Stalin's classic rejoinder to some fulsome Western diplomat who
was holding forth about Catholic "good will" had been, "How
many divisions has the Pope?" And the same question could be
posed with almost as telling effect of the London Poles. Their
divisions were as few, as scattered, and as powerless to intervene
as had been those of the British five years before, at the time of
the German invasion. But they did have a widespread and
well-organised underground, responsible to them and controlled by
radio from London. This force—the "Home Army," or
AK—was centred on the capital, Warsaw; but its authority was
already being threatened as the hour, if not of liberation then of
change in occupation, approached, by various splinter groups. There
was the "Peo-ple's Army," (AL) of independent left-wing
sympathisers; the Communist-dominated PAL; and the "Nationalist
Armed Forces," (NSZ) an extreme right-wing force which had
broken away from the AK at the first sign of impending compromise
with Russian power.
It had become urgently necessary for the AK to show its strength,
so that the London Poles could at least assert some sort of armed
presence in their own country—they were already getting reports
that AK units which had co-operated with the advancing Russians were
being disarmed and their officers taken away. This opportunity seemed
to present itself in the last week in July, for as Rokossovski
approached Warsaw the German administration began to close down, and
many of its departments ceased to function. On 27th July the military
government issued a proclamation calling up a hundred thousand
civilians forthwith for work on fortifications, and still greater
dislocation of the Home Army was threatened by a Russian broadcast of
29th July, which spoke of the city's impending liberation and urged
the "workers of the Resistance" to rise against the
retreating invader. This last development led to great confusion,
because although the Home Army, which comprised 80 percent of the
armed Resistance, took its orders from London, premature action by
the AL and the PAL could well make it impossible for the AK to
control its own members. On 1st August, therefore, Bor-Komorowski,
the Polish Cavalry General who commanded the AK, issued a
proclamation, copies of which were scattered throughout the city.
Soldiers of the capital!
Today I have issued the orders so long awaited by all of you,
the orders for an open fight against the German invader. After nearly
five years of necessary underground struggle, today we are taking up
arms openly. . . .
At first the timing looked perfect. It seemed as if the AK would
be able to step into the vacuum caused by the German withdrawal and
precede Rokossovski in declaring the liberation of the capital. The
R.A.F. would then have flown in the London government, which would
have been able to install itself in the administrative centre of
its country with the prestige of military achievement and backed by a
powerful local force. But in fact the Russian offensive had reached
the end of its tether. At that very moment when Bor issued his call
to arms, the Russians' right wing in the Baltic states was being
roughly handled by a counterattack from East Prussia and Courland
which recaptured Tukums and Mitau (Jelgava), and which diverted
reinforcement from the centre.

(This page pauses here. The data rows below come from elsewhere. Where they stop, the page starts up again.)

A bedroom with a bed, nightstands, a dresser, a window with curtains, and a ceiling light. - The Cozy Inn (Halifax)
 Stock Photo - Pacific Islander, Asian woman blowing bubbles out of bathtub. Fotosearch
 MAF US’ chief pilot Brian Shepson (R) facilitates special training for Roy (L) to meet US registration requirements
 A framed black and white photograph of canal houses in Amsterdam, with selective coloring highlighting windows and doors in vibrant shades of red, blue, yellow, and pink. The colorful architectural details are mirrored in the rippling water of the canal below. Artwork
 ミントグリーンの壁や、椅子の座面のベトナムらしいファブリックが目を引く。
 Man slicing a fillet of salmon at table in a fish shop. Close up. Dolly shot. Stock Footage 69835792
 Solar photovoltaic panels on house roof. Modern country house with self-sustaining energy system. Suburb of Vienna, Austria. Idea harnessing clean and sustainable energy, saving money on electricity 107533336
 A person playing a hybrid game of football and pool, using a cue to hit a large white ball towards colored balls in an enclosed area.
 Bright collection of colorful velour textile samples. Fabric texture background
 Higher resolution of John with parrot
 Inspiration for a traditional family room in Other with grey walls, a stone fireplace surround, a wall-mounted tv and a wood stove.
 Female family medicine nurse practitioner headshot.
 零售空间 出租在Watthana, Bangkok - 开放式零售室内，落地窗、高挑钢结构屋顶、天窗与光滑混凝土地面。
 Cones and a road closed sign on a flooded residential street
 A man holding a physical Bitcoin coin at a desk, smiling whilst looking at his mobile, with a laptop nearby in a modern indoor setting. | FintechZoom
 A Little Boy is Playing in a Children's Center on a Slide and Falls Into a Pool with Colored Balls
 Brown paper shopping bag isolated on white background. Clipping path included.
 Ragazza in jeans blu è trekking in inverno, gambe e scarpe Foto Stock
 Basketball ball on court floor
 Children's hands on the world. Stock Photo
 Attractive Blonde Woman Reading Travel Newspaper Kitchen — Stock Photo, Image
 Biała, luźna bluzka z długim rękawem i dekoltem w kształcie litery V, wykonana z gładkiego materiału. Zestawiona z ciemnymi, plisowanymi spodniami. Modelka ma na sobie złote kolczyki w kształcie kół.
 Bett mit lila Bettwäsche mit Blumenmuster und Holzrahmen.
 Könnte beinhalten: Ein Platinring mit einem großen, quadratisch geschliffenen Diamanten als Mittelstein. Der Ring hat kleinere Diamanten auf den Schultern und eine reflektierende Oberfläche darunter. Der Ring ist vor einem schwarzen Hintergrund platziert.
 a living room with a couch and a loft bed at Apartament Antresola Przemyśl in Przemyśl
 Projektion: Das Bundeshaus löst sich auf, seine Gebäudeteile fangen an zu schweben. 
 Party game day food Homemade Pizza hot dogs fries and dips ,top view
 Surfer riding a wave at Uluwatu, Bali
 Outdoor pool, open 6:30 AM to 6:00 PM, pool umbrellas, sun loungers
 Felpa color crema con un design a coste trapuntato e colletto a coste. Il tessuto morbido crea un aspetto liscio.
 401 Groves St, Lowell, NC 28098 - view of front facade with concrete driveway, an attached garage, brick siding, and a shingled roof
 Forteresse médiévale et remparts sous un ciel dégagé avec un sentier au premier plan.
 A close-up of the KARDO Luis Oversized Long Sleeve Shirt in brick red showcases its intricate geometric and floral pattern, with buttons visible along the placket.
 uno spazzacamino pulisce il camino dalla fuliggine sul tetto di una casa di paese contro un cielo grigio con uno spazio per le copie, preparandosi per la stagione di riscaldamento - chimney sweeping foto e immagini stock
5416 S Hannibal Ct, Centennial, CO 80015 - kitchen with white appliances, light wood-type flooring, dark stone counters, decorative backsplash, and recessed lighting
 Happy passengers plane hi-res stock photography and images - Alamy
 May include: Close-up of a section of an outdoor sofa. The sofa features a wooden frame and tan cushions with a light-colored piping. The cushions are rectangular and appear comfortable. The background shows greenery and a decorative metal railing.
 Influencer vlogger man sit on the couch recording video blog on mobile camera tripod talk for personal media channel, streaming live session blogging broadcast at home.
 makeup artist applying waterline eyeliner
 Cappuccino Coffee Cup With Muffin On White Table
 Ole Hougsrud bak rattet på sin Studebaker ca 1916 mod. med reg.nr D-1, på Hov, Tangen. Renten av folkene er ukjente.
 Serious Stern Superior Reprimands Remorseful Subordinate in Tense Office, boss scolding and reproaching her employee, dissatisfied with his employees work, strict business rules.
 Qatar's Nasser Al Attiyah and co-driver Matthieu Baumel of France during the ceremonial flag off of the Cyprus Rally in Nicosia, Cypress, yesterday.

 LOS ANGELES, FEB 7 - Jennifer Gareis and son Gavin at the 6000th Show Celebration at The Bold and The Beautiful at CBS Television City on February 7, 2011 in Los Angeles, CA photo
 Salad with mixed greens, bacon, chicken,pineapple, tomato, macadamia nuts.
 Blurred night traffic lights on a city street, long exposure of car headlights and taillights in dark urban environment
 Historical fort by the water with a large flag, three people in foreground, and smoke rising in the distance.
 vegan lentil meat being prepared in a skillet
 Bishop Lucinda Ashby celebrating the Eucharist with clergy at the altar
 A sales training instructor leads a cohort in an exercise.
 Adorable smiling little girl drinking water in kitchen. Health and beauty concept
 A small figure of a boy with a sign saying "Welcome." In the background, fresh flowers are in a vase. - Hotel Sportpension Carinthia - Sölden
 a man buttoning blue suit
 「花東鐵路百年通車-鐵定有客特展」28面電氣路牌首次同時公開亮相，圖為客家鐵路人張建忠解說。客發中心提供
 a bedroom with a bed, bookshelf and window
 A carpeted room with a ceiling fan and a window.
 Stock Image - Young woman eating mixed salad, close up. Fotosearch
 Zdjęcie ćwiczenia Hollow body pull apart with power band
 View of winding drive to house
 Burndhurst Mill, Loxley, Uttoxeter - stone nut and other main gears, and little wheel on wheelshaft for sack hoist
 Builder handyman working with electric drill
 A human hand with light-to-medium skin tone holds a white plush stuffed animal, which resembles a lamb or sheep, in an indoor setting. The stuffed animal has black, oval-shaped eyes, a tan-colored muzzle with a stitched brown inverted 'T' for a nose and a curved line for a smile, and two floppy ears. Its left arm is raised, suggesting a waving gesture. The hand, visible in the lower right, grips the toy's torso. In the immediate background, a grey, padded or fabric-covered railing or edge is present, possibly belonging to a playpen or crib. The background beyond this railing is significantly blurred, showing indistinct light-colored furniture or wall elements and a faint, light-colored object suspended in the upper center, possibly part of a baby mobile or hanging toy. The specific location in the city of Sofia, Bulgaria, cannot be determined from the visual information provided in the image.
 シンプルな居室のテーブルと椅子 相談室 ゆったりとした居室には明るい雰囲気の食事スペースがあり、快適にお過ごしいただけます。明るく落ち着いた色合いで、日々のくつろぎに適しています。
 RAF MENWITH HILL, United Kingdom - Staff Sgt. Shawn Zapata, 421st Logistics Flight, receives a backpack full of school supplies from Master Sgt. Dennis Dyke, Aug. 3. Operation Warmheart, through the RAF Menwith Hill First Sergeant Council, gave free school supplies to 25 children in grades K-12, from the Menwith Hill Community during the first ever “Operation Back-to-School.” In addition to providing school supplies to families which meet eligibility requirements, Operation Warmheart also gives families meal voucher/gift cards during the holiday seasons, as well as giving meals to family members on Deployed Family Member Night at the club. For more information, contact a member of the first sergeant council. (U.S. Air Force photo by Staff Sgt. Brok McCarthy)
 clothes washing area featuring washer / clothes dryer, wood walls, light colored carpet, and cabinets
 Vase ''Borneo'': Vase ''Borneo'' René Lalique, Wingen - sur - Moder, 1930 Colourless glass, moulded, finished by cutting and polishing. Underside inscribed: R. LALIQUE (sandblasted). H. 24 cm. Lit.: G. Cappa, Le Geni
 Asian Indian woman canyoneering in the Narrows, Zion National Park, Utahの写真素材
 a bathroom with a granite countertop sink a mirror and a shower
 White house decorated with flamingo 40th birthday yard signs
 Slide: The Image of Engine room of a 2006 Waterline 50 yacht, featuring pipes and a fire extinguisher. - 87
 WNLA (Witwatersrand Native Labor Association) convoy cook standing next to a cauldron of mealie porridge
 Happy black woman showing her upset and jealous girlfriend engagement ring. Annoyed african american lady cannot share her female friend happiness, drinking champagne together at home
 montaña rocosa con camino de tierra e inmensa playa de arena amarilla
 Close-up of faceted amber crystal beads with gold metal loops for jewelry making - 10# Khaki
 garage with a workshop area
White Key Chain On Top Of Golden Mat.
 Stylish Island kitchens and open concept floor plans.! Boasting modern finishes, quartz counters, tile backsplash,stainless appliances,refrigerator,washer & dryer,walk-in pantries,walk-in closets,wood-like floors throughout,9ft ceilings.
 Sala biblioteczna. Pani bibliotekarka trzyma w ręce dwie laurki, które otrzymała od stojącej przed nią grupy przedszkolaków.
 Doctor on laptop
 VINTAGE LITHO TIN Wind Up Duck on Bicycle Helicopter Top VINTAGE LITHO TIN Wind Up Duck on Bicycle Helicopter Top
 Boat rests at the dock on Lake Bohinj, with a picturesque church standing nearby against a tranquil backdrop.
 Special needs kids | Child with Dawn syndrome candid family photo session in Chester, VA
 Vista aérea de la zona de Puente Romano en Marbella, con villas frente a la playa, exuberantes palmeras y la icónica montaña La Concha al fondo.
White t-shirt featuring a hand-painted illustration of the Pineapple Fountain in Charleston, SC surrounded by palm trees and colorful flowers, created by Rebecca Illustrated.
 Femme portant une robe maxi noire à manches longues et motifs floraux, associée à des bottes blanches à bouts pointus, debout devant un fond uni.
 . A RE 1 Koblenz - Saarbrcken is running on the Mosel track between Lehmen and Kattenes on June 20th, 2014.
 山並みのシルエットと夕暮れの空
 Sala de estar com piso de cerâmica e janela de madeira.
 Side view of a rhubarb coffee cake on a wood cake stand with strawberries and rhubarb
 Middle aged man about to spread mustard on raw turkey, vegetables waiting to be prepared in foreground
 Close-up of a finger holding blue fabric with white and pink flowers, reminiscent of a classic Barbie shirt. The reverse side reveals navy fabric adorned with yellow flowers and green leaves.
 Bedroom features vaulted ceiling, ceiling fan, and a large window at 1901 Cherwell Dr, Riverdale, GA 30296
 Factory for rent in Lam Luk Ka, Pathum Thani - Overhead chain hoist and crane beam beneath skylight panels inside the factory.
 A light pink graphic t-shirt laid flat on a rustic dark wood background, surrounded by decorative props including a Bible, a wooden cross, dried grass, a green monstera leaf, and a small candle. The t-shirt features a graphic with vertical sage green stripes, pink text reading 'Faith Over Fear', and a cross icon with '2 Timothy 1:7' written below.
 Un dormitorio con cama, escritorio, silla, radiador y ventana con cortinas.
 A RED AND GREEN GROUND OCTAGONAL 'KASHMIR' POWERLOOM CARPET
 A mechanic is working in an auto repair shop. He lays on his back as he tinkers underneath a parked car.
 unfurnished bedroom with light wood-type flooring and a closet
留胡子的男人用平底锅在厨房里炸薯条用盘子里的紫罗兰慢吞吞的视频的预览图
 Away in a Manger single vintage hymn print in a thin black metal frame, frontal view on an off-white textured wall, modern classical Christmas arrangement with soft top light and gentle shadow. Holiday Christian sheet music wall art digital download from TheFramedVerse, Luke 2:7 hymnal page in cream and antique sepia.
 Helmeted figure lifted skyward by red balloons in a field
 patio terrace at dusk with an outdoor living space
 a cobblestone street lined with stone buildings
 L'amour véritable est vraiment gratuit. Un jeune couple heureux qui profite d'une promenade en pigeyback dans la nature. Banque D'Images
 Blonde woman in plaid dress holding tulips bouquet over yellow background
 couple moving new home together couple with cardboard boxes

The customary difficulties of supply
and the exhaustion of men and machinery combined to dictate a halt
on the Vistula. From the Russians' point of view, the Warsaw uprising could not have come at a better moment (and thus as a
political threat it could be discounted). For it did not have the
strength to succeed without their help, yet it promised, while
burning itself out, to distract German attention and to deny to their
enemies the respite which the Russians themselves so badly needed.